Semarang adalah sebuah metropolitan yang unik karena watak agrarisnya masih kuat. Hampir 32 persen dari kota seluas 373,7 kilometer persegi itu berupa lahan pertanian, dengan luas sawah lebih dari 22 kilometer persegi dan sekitar 16 kilometer persegi telah ditetapkan sebagai Lahan Pertanian Pangan Berkelanjutan (LP2B).
Tidak mengherankan jika tahun lalu (2021) Semarang mampu memenuhi 15 persen dari kebutuhan berasnya sendiri, selain daging ayam (67 persen), telur ayam (54 persen), dan berbagai buah serta sayuran.

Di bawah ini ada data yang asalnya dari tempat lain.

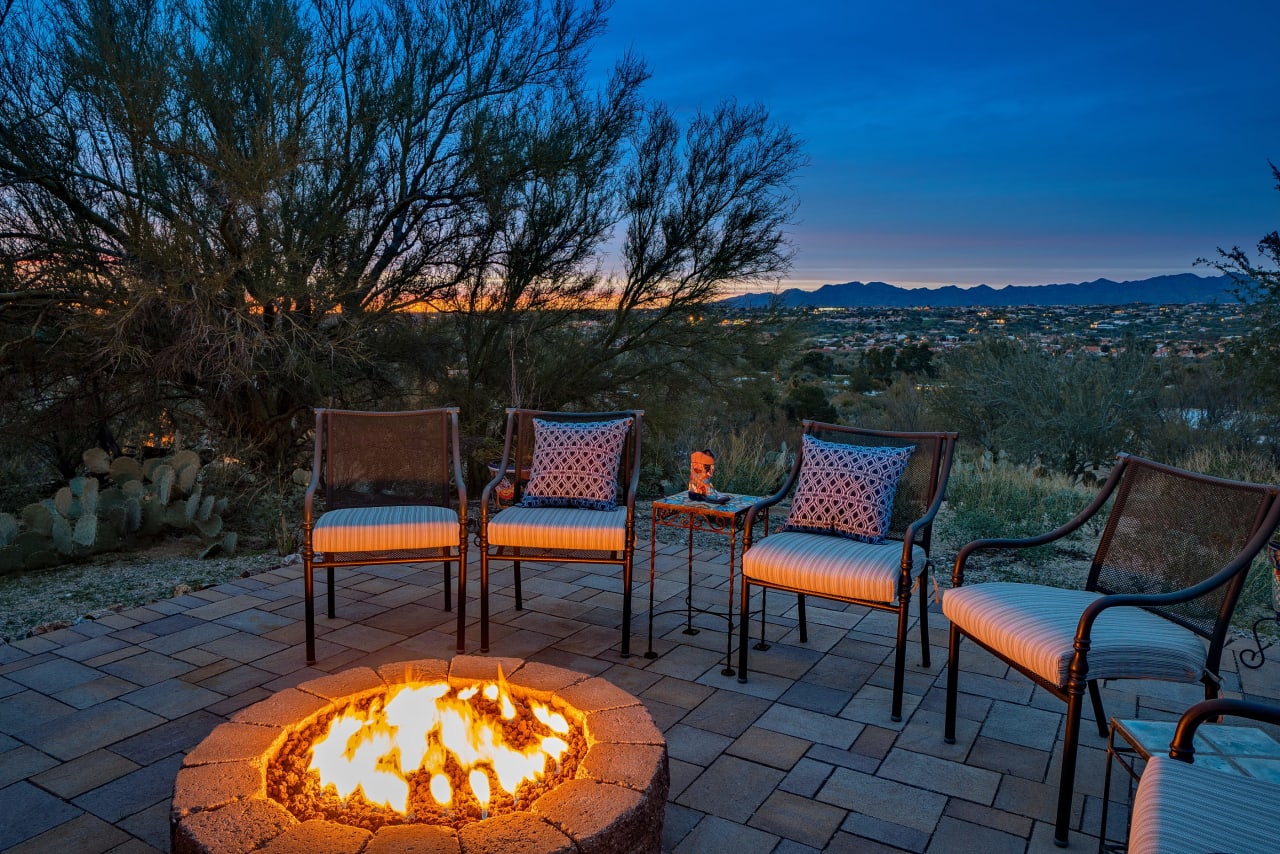 Unique Estate in Oro Valley Country Club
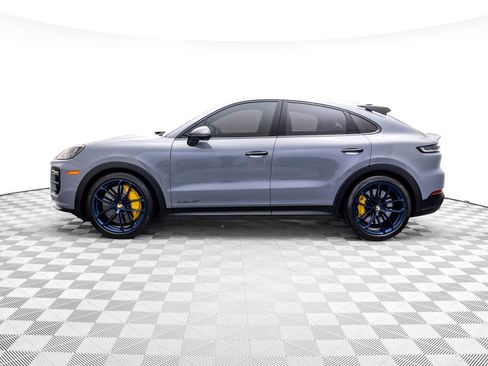 Certified 2024 Porsche Cayenne Turbo GT image 2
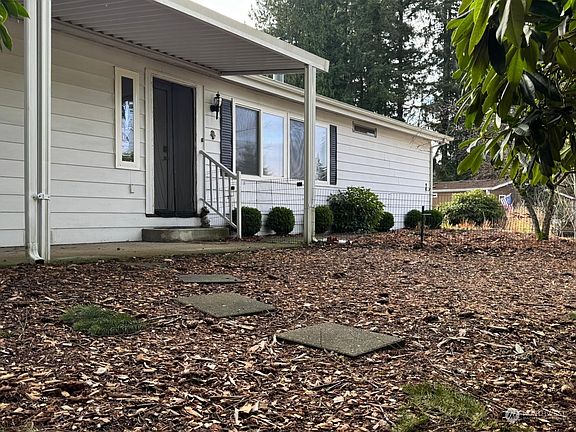 4th image of 3700 SE 14th Avenue #128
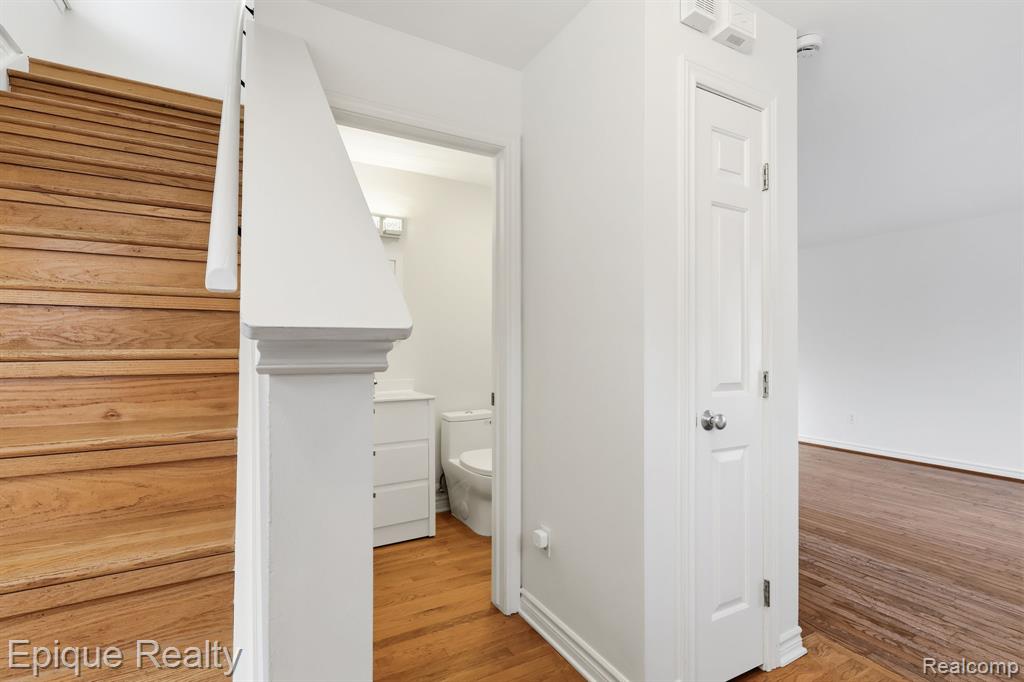 535 W Marshall Street, Fenton, MI 48220 — Photo 12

Apa yang ada di Semarang tentu dijumpai pula di banyak kota negeri ini. Untuk memastikan bahwa kota-kota kita dapat menjadi penyumbang pangan diperlukan sebuah visi sistem pangan kota yang tepat dan relevan dengan kondisi setiap kota. Perumusan visi itu mesti melibatkan segenap pemangku kepentingan pertanian-pangan di tiap-tiap kota karena pada gilirannya merekalah yang akan mewujudkan visi ini.
Kalau Singapura ”berani” punya visi 30-30, kota-kota kita tidak boleh kalah.